▸ YOUR ASSIGNMENT
Take the lines below from the first through the one that contains "Епископ Россошанский и" and copy them exactly.
# # # #
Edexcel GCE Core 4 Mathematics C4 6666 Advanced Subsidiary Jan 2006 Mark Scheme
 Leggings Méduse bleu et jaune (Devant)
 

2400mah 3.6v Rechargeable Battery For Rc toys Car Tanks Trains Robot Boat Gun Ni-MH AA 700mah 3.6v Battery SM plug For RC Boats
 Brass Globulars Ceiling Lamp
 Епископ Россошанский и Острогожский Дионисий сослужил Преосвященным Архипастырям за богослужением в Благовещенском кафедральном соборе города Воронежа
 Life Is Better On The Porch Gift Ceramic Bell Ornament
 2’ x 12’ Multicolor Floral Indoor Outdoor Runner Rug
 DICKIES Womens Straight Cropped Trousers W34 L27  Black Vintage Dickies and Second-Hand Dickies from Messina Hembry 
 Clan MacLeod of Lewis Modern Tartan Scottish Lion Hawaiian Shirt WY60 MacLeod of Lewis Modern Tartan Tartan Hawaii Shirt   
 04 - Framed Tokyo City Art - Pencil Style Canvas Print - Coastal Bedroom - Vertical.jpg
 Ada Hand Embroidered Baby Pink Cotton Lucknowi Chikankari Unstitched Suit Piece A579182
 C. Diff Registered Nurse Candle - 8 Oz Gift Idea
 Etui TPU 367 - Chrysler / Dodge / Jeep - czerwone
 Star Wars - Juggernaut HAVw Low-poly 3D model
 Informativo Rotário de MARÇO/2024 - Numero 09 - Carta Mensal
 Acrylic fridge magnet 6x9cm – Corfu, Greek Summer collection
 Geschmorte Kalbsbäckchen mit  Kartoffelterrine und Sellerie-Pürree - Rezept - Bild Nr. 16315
# # # #
▸ ANSWER
Edexcel GCE Core 4 Mathematics C4 6666 Advanced Subsidiary Jan 2006 Mark Scheme
 Leggings Méduse bleu et jaune (Devant)
 

2400mah 3.6v Rechargeable Battery For Rc toys Car Tanks Trains Robot Boat Gun Ni-MH AA 700mah 3.6v Battery SM plug For RC Boats
 Brass Globulars Ceiling Lamp
 Епископ Россошанский и Острогожский Дионисий сослужил Преосвященным Архипастырям за богослужением в Благовещенском кафедральном соборе города Воронежа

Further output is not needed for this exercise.